# Task to complete:
Give exactly the lines from the one with "IWC Ingenieur Automatic 40mm" through the final line of the listing below, both included, leaving out any pictures.
Dataset extract Start Marker
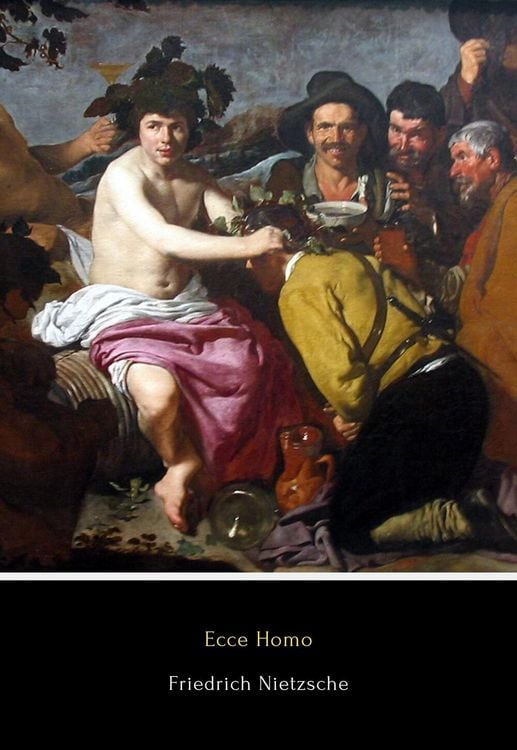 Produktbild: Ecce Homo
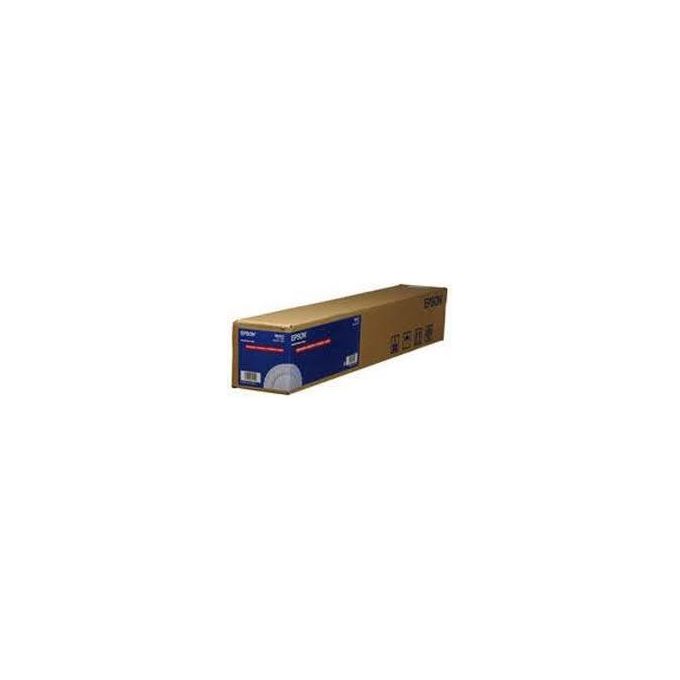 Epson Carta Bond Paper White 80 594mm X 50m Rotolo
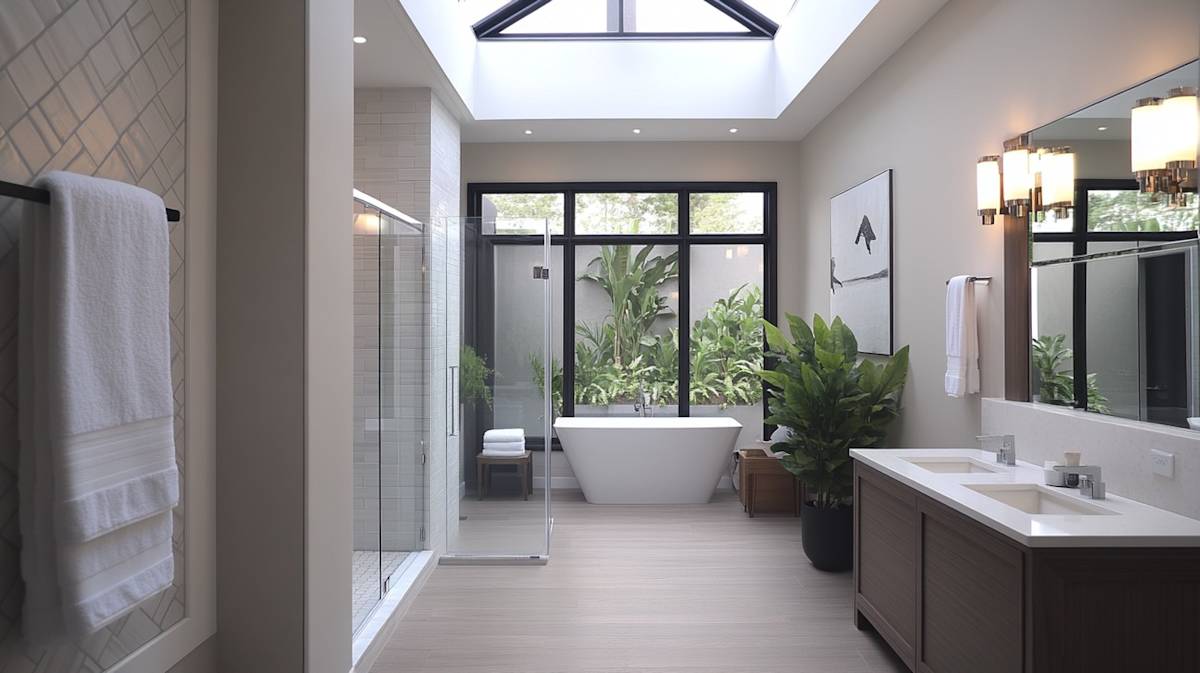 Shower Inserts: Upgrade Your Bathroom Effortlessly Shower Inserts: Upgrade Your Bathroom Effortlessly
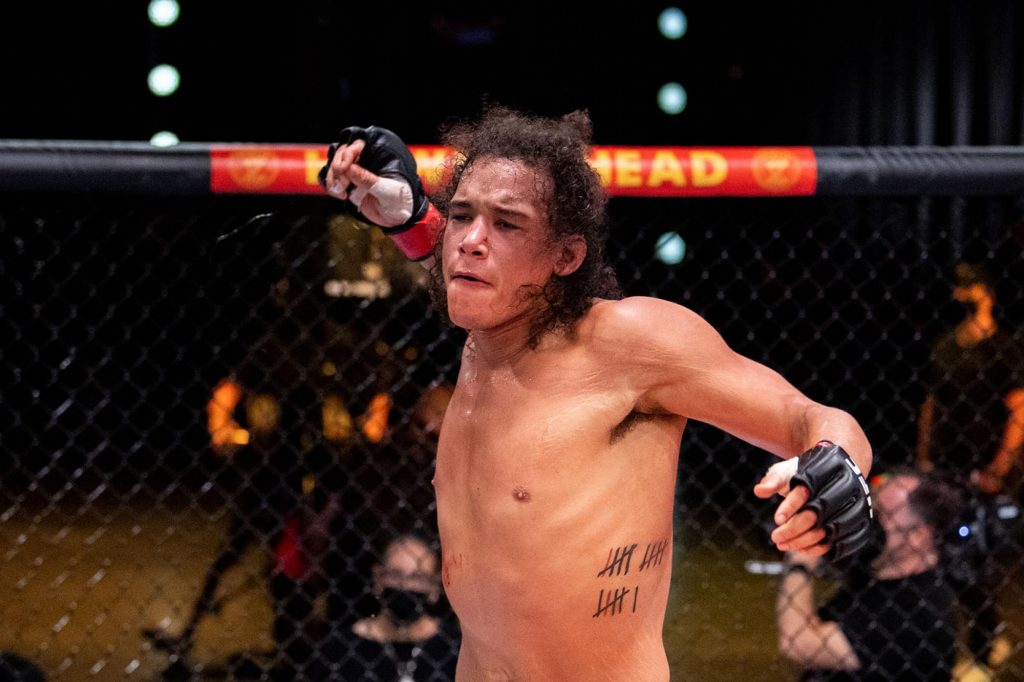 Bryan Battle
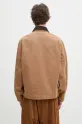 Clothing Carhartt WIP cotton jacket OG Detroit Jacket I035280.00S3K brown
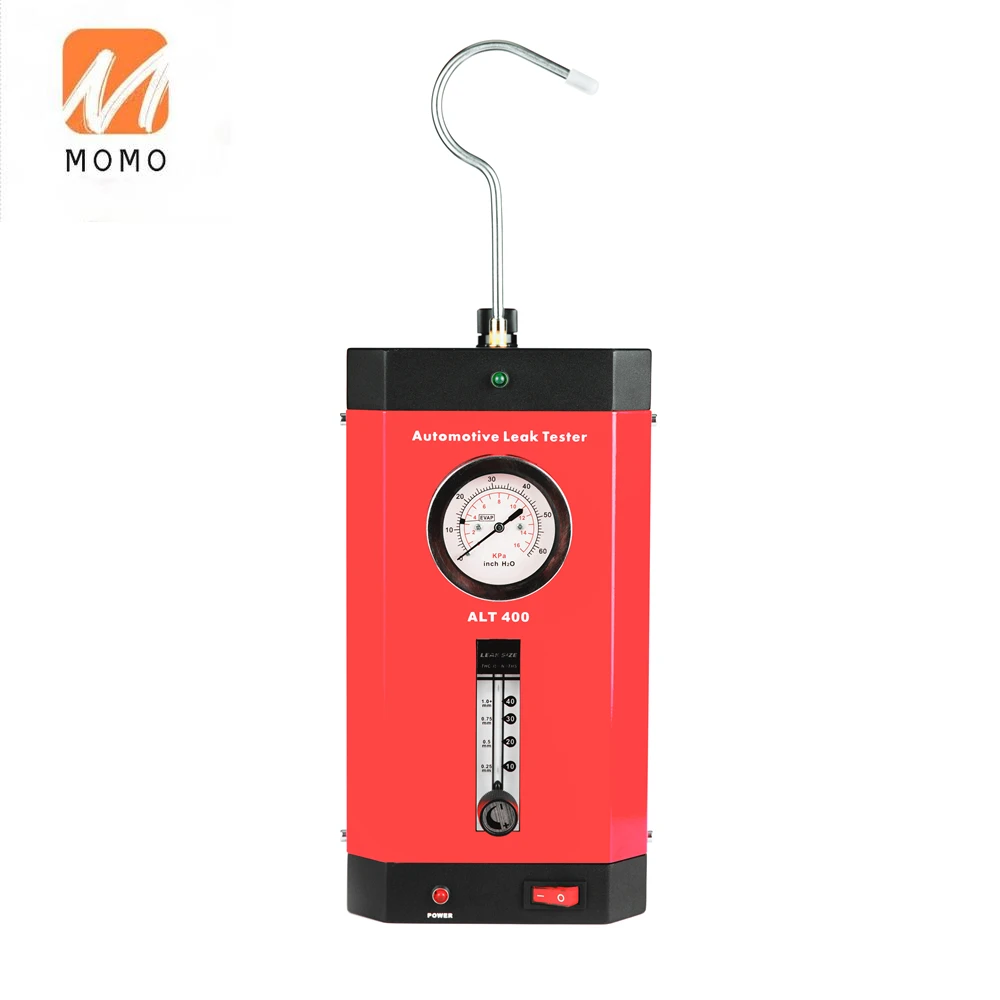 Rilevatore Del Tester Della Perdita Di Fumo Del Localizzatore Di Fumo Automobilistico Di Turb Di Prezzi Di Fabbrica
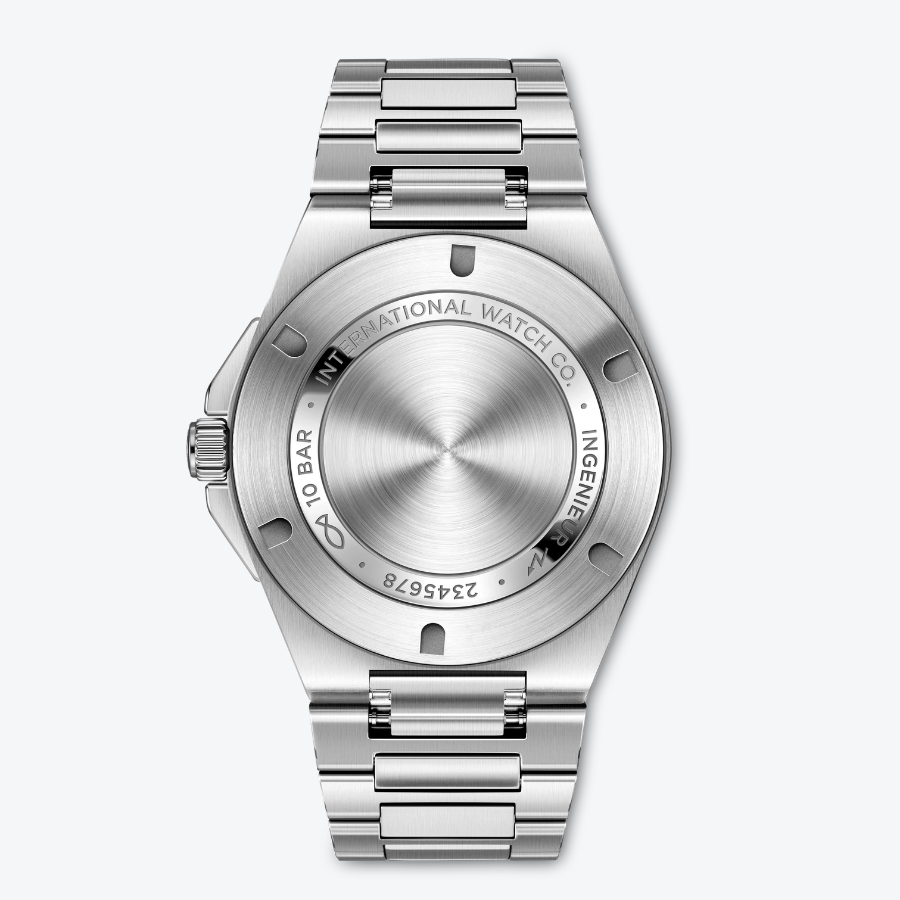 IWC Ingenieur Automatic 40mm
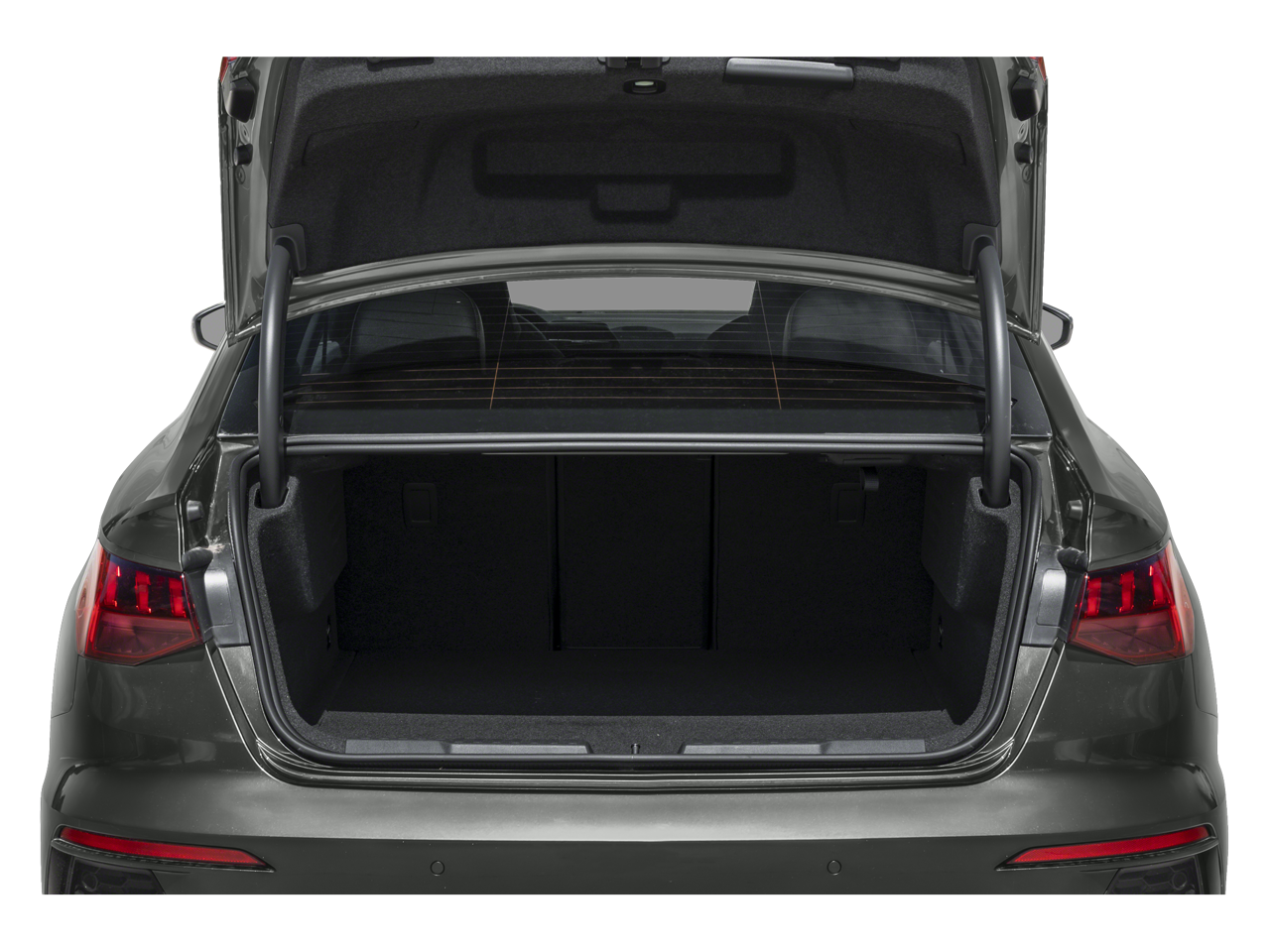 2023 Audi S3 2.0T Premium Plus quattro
Dataset extract End Marker
# Answer section:
 IWC Ingenieur Automatic 40mm
 2023 Audi S3 2.0T Premium Plus quattro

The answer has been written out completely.